Compliance

FSA “Mystery Shopper” Exercise Shows How Significant Suitability Concerns Remain

Wendy Spires Group Deputy Editor London 13 February 2013

FSA “Mystery Shopper” Exercise Shows How Significant Suitability Concerns Remain

Despite various recent warnings over suitability, the investment advice doled out by UK banks and building societies is still a cause for concern in a quarter of cases, a new report by the Financial Services Authority has revealed.

Despite various recent warnings over suitability, the investment advice doled out by UK banks and building societies is still a cause for concern in a quarter of cases, a new report by the Financial Services Authority has revealed.

Between March and September of last year the UK regulator carried out a “mystery shopping” exercise in which 231 “shoppers” went to six major firms in the retail banking sector saying that they wanted to invest a lump sum. In 11 per cent of these instances, the evidence suggests that the advisor gave the customer unsuitable advice, while in 15 per cent of cases the evidence suggests that the advisor did not gather enough information to make sure their advice was suitable – this of course is a significant failure in itself while also making it impossible to assess whether the customer received good or poor advice.

The FSA said that while approximately three-quarters of customers received good advice, there were concerns with the quality of advice in the other quarter. The concerns about advisors’ recommendations centred around three main areas: the level of risk customers were willing and able to take (15 per cent of cases); a failure to properly take into account customers’ financial circumstances and needs (13 per cent of cases); and the length of time customers wanted to hold the investment (6 per cent of cases).

Remedial action, such as retraining advisers and making substantial changes to the advice processes and controls for new business, have already been undertaken by the six institutions involved in the study, the FSA said. They have also been asked to undertake past business reviews to identify historic poor advice and rectify this with customers. One firm, however, has been referred to enforcement over its infractions.

“While we are disappointed by the results of this review, we are encouraged by the action that the firms involved have taken to rectify the situation for their customers,” said Clive Adamson, director of supervision at the FSA.
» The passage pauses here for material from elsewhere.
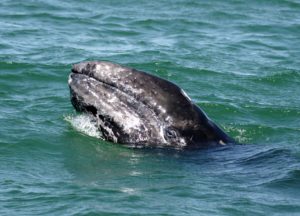 2018 SPRING WHALE WATCH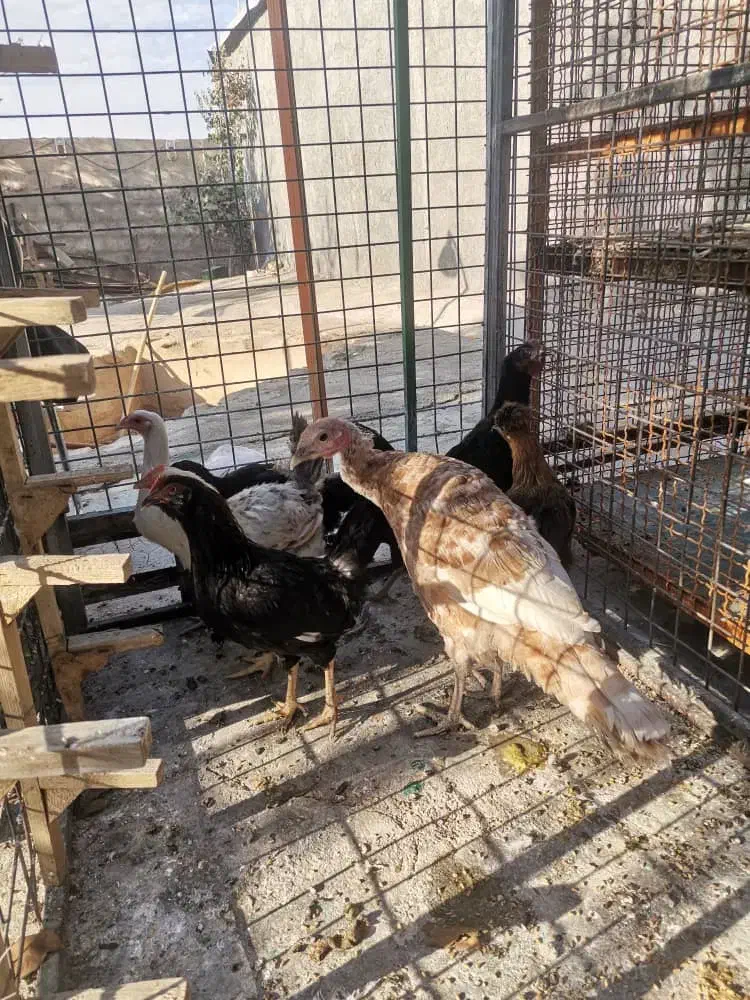 تعدادی مرغ و یک بقلمون|حیوانات مزرعه|شیراز, شهرک گلستان شمالی|دیوار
“Since this review took place, we have introduced new rules on investment advice which have increased the professional standard of the advisors operating in the market and have removed the potential for advisors to recommend products that pay the largest commission but may not be right for the customer.”

Adamson refers, of course, to the Retail Distribution Review package of reforms which came into force at the end of 2012. The headline change which came in under RDR is the abolition of commission payments in favour of pre-agreed fees for advice – a move which is intended to up the objectivity of investment advice and restore faith in what unfortunately continues to be a tarnished industry in the public eye.

This latest mystery shopping exercise is the first carried out by the FSA since its 2008 investigation into Payment Protection Insurance, the results of which are still being felt by the banking industry.